[Records drawn from a dataset]
════════
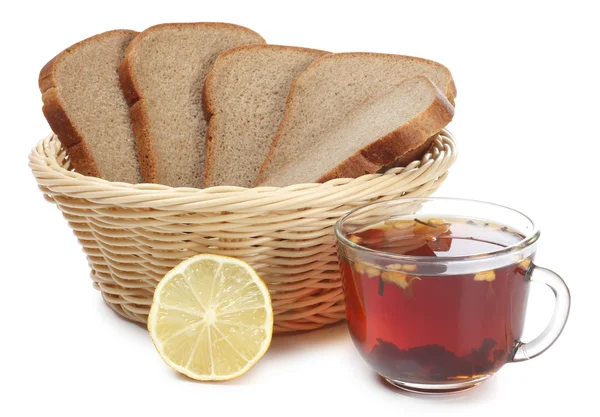 Cesta de pão e chá — Fotografia de Stock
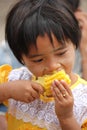 Young girl eating cob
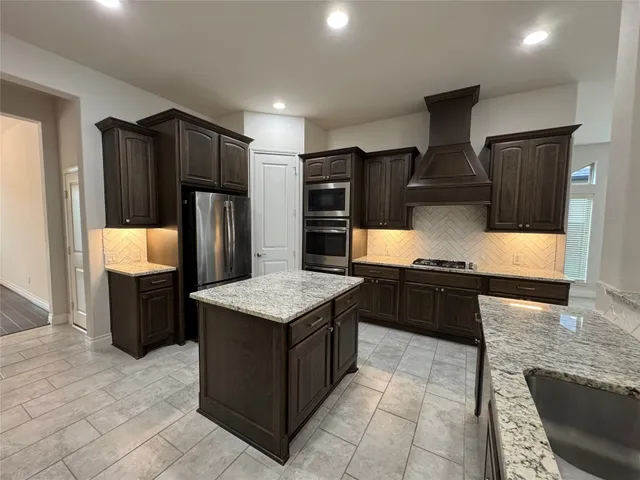 a view of a swimming pool with a yard and a wooden fence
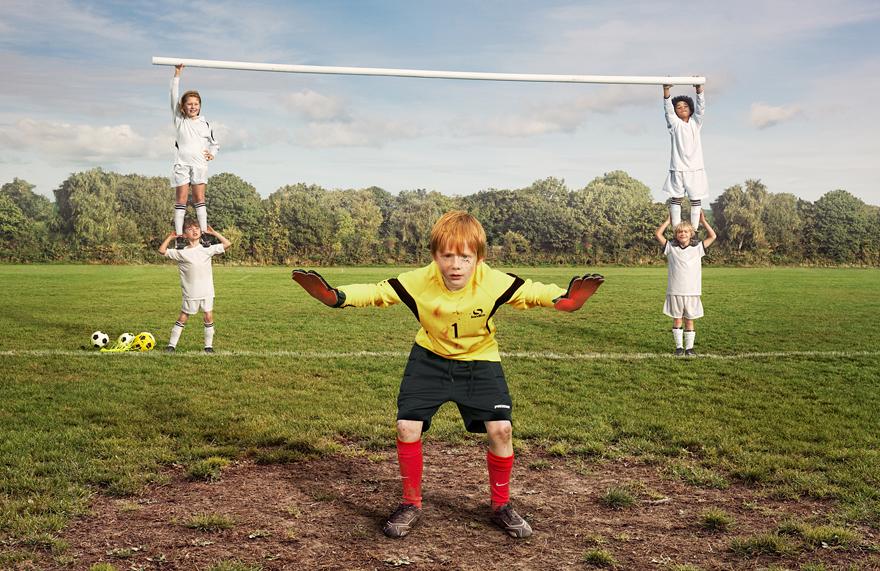 A young boy in a yellow football jersey and black shorts is standing in a field, surrounded by a group of children holding a large white goalpost.
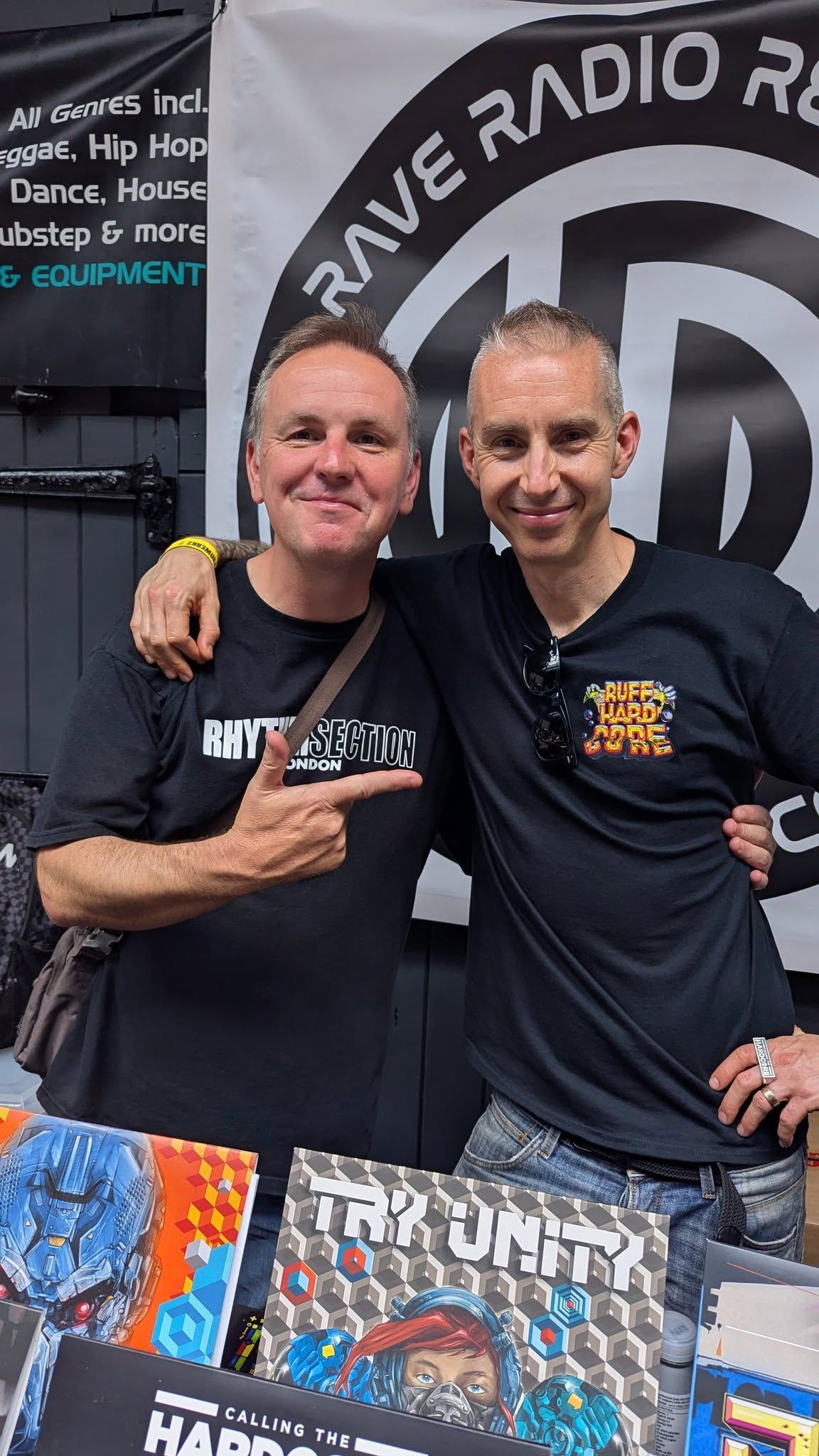 Two men posing together at a radio station booth with event merchandise displayed in front of them.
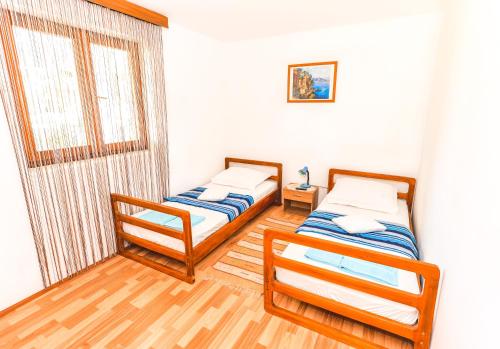 two twin beds in a room with a window at Apartment Tia in Lun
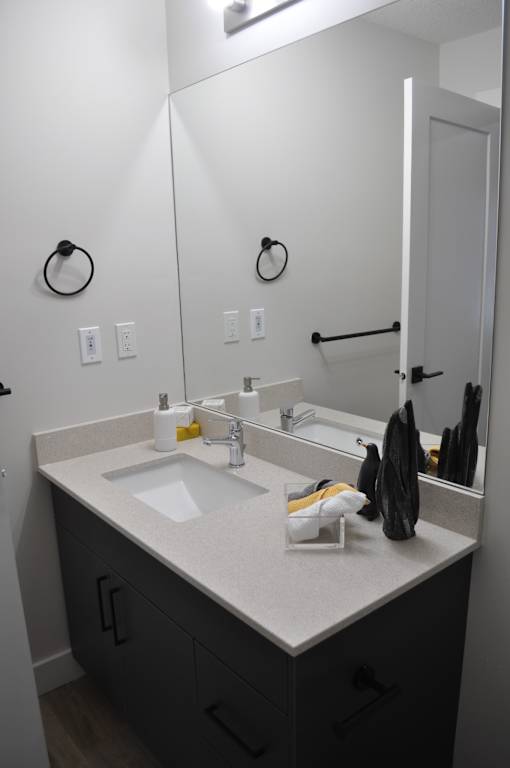 A bathroom with a sink and mirror at The Laurent at Laurel Apartments, Edmonton, AB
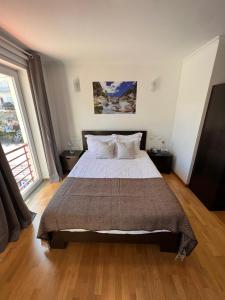 a bedroom with a large bed and a large window at Vale do Zêzere Hotel in Manteigas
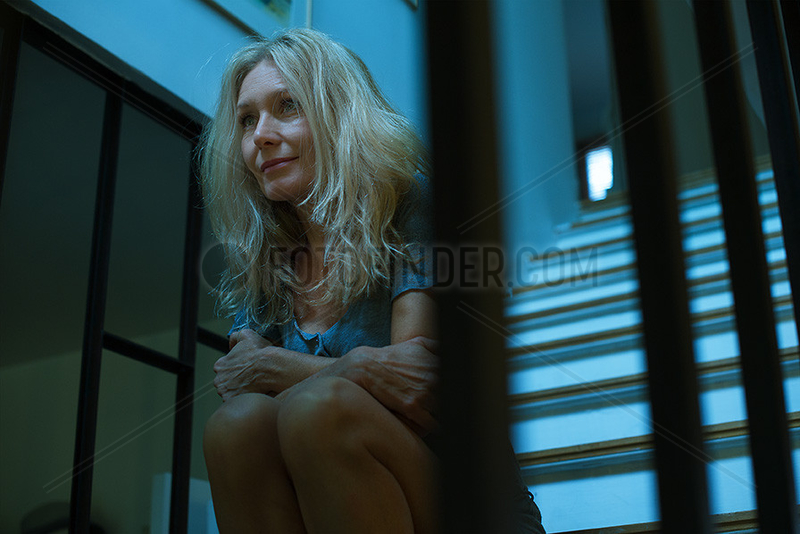 Mature woman sitting on stairs,  looking away in thought
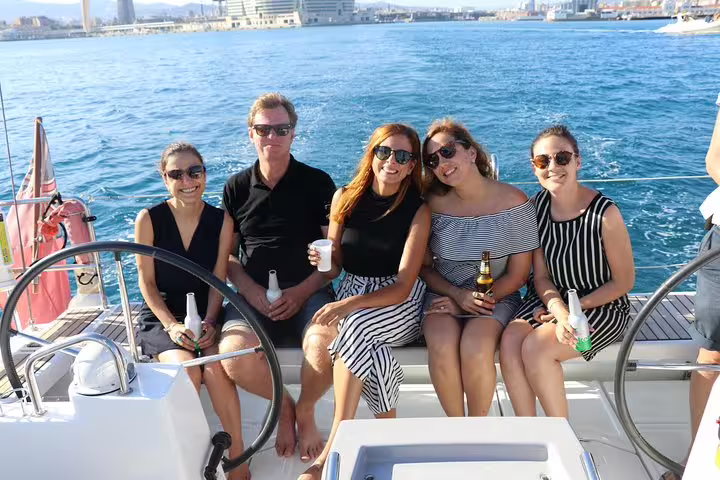Group enjoying drinks on a sunny small group cruise with ocean views, perfect for a relaxing 2-hour sailing experience.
════════
§ Work task:
Apart from the pictures, repeat the data above exactly.

§ Answer to this task:
 Cesta de pão e chá — Fotografia de Stock
 Young girl eating cob
 a view of a swimming pool with a yard and a wooden fence
 A young boy in a yellow football jersey and black shorts is standing in a field, surrounded by a group of children holding a large white goalpost.
 Two men posing together at a radio station booth with event merchandise displayed in front of them.
 two twin beds in a room with a window at Apartment Tia in Lun
 A bathroom with a sink and mirror at The Laurent at Laurel Apartments, Edmonton, AB
 a bedroom with a large bed and a large window at Vale do Zêzere Hotel in Manteigas
 Mature woman sitting on stairs,  looking away in thought
Group enjoying drinks on a sunny small group cruise with ocean views, perfect for a relaxing 2-hour sailing experience.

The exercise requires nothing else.